そんな私のやりたい事は、時には綺麗な石に見えたり、よく見ると曇った石に見えたりの繰り返しです。それでも、毎回自分と向き合い「なぜ」を繰り返し、やりたい事の核を探っていく。そして、地域の課題や相手のニーズ、時代の流れを観察しながらやりたい事と合致させ、時には軌道修正をしながら「したい」を「できる」に変えていく。

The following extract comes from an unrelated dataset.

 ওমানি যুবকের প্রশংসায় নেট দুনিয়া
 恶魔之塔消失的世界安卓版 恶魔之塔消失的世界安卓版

きっと生きているとそんなことの繰り返しなんだろうなと思いますが、自分の中の指針と、大切にしたい軸を守ってさえいればきっと間違った方向にはいかないだろうと信じて、私はこれからも探し続け挑戦し、楽しめる道を1歩ずつ進んでいきたいと思います。
仲間とのゆるいつながり
「ローカルプレイヤーの教室」最終日には、参加者が集まり、第1期の振り返りや総まとめを行いました。というよりも、それぞれの今の課題だったりこれからの方向性や戦略だったりを、自由に対話する時間になっていました。第3者の視点を聞くことで、扉は大きく開き、あと押しをしてもらえたので、活動は違っても、まるで1つのチームのようです。ローカルプレイヤーたちのつながりは、俯瞰すると足立区を支える「チームあだち」と名付けたくなります。
悩んでいる時や課題を抱えている時は、辛くモヤモヤすることがありますが、絡まった糸をほぐす時のように丁寧に1つずつ悩みを分解して、問いを具体的に考える。そして、誰かのために役に立ちたいと同じ志を持つ仲間と対話する事で、解決の糸口が見える場合がある。そんなことを、「ローカルプレイヤーの教室」で学ぶことができました。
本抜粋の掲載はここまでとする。